# not too impressed with Rauchboy smoker



## SL Tx (Sep 17, 2006)

After reading glowing commentary on this forum, I put a Rauchboy smoker on my birthday wish list: the larger one (for 30+ hives!?!). It looked to be about the the same size as my faithful Dadant which usually smokes away until it runs out of fuel. Since it had a ventilated inner can, I opted for the big one... the smaller version didn't seem capable of holding much fuel.

CONFESSION: I fell for the snob appeal of German-engineering. I even stained and varnished the wooden panels on the bellows as soon as it arrived. Jeeezzz.

Here is what I've learned:

My old Dadant's bellows has both a "suction" and "discharge" for the air flow. The suction hole is much larger so it quickly inhales the next gulp of air. The Rauchboy has one small hole so they don't need a valve...they probably saved a quarter or so there.

The Rauchboy can has a flat spot at the seam that leaked smoke badly until the black crud gummed it up. Now it is hard to close and even harder to open. When I clean it up, it leaks again. And when its leaking, the bellows is recycling smoke not pumping air.

The wire loop on my Dadant smoker's lid stays cool.
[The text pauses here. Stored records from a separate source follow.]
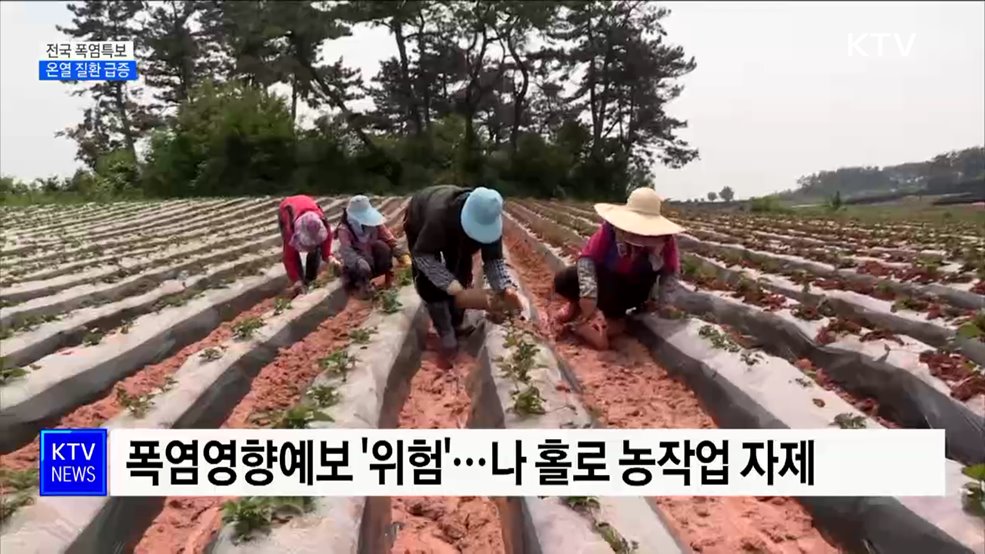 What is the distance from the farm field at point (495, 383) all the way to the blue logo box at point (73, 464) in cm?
6

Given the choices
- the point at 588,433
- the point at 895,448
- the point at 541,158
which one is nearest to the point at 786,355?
the point at 895,448

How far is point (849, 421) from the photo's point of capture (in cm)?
303

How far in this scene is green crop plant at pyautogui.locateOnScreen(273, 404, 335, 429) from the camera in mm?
3078

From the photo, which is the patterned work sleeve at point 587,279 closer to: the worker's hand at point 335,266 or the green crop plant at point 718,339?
the green crop plant at point 718,339

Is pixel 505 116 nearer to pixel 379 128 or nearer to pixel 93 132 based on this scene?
pixel 379 128

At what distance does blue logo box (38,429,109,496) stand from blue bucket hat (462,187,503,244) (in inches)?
78.1

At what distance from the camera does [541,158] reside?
27234mm

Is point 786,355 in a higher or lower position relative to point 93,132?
lower

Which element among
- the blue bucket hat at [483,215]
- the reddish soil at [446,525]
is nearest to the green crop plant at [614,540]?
the reddish soil at [446,525]

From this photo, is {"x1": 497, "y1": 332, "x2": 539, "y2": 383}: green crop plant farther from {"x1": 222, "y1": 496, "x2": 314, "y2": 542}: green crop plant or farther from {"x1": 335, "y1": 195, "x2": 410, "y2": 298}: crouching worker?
{"x1": 335, "y1": 195, "x2": 410, "y2": 298}: crouching worker

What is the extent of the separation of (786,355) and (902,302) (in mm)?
784

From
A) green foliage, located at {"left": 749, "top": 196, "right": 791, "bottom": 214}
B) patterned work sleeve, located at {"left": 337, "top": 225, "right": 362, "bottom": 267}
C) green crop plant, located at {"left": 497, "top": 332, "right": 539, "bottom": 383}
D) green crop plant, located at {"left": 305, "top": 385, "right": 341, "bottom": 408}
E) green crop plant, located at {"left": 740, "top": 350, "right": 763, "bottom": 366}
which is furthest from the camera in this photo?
green foliage, located at {"left": 749, "top": 196, "right": 791, "bottom": 214}

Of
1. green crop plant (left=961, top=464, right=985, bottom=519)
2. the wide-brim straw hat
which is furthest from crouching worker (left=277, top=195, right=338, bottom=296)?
green crop plant (left=961, top=464, right=985, bottom=519)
The metal tab on the Rauchboy melts my rubber gloves. Lovely mess.

The Rauchboy lid does not open wide enough to dump the ashes like my Dadant does so they just dump into the lid.

My Dandant smoker has a pinned hinge for the lid. The German-engineered one is a cheaper stamped metal arrangement. It's wire guard is pretty rinky dink too.

For the same money I could have asked for two more Dadant M00927's instead. But what would I do with three of them?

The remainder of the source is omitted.